Calibrating PPM Meters with Final Cut Pro HD
by Kai Whittaker (Kai)
on
Feb 6, 2008 at 8:55:22 pm
Hi,
I have a Final Cut Pro system and I'd like some advice on how to calibrate the audio output. I use a Decklink Multibridge Pro and a Phase3 VP-2 Extended range PPM/VU meter to check levels.
When I lay bars and tone into a timeline in FCP, it's automatically set to -12dB (on FCP's digital scale). If I dump that onto a tape or export a quicktime movie and take it to the sound studio we use for recording/mixing, they say the bars are 8dB too 'hot'. They ask that I set my bars to -20dB in FCP, and adjust my program levels so that they never go above -8 dB (digital).
I'd like to know how I should calibrate my Phase3 PPM/VU meter. My audio engineer guy suggested that I play back a -20dB tone from my timeline and adjust the input volume on my PPM meter (I use my meter in PPM mode) to zero dB.

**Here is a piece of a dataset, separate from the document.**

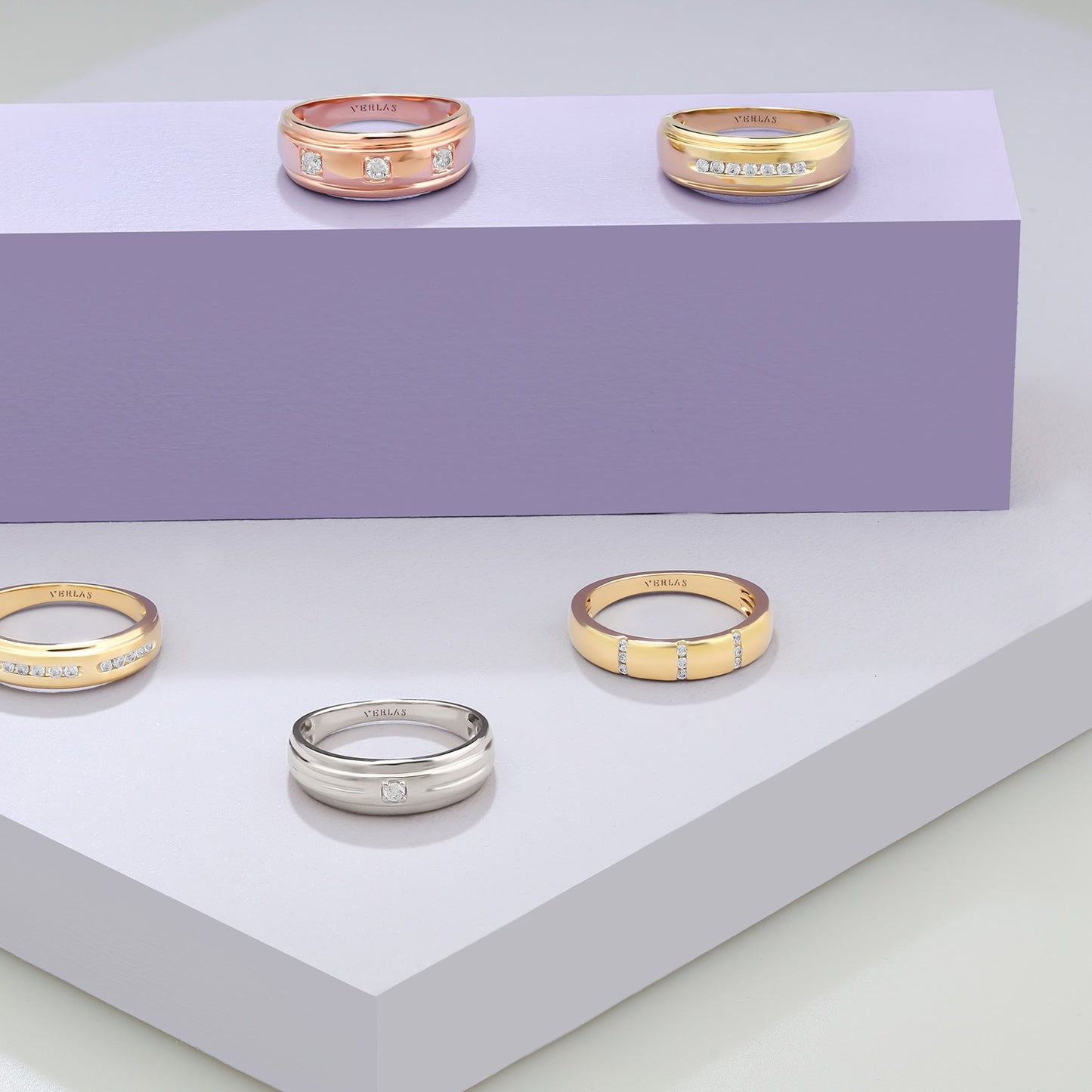3-Stationed Round Diamond Band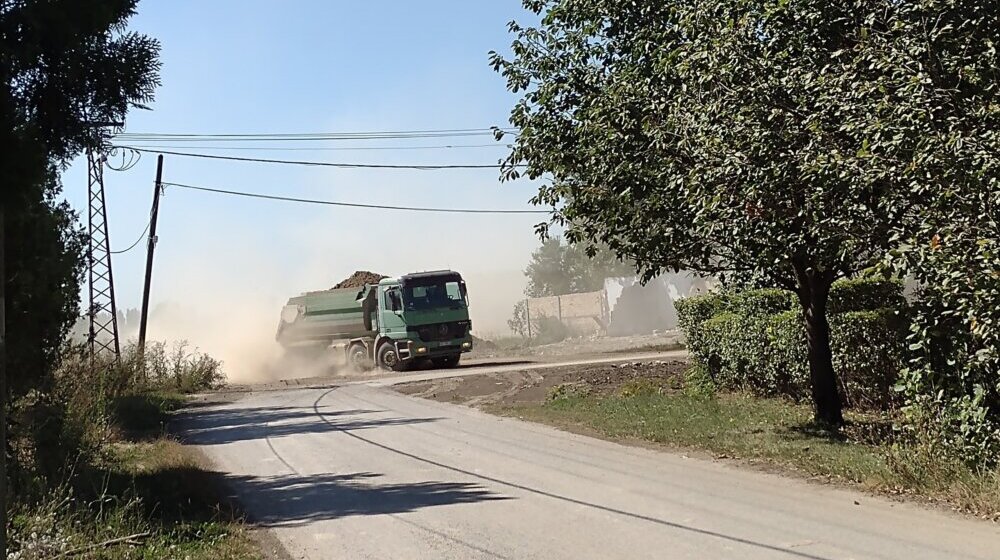 "Gušimo se mesecima u prašini": Meštani Zmajeva hteli da blokiraju gradilište brze pruge 1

When I do that, everything in the program seems hot according to the PPM meter.. I'm not very experienced with analog vs. digital sound and I'm wondering if I should adjust my PPM meter to -20dB like the tone in my FCP timeline. But isn't that mixing/matching analogue and digital levels?
Re: Calibrating PPM Meters with Final Cut Pro HD by Chris Borjis on Feb 6, 2008 at 9:18:40 pm
definitely use -20 tone out of final cut.
but turn off ppm and use the VU setting on your peak meter.
-20 out of fcp into the meter with VU using balanced audio should register 1 red bar (equals zero)
I find VU much more helpful for QC standards than digital for sure but I always monitor both. And by the way, digital at -20 is equal to zero on VU.
-8 on digital for the absolute peak (you mentioned) is a little hot, it should be more like -10 so if someone has audio content that is totally slammed at the wall, it will not overload looking at the VU meter.
Re: Calibrating PPM Meters with Final Cut Pro HD by Rob Alexander on Feb 7, 2008 at 9:07:24 am
Hi Kai,
If all you did was change the level of the tone but had previously mixing relative to the -12dB tone then your programme sound would be too hot. So you'd need to drop all the programme sound by 8dB too.
You SHOULD set your reference to -20 and mix relative to that.
PPMs have different ballistics compared to VU meters and in the UK at least are considered more reliable. Here, -18dBFS (digital) = 4PPM = -4dB (analogue). Each mark on the PPM equates to 4dB so peaking at 6PPM gives you a digital peak of -10dBFS. However because PPMs are a little slow to respond a peak of 6PPM may show higher than -10 digitally. You need to check your broadcaster's technical requirements and how they assess the sound levels at QC.
I think that in the US you calibrate with -20 instead of -18 but the analogue remains the same, i.e. -20dBFS = 4PPM etc.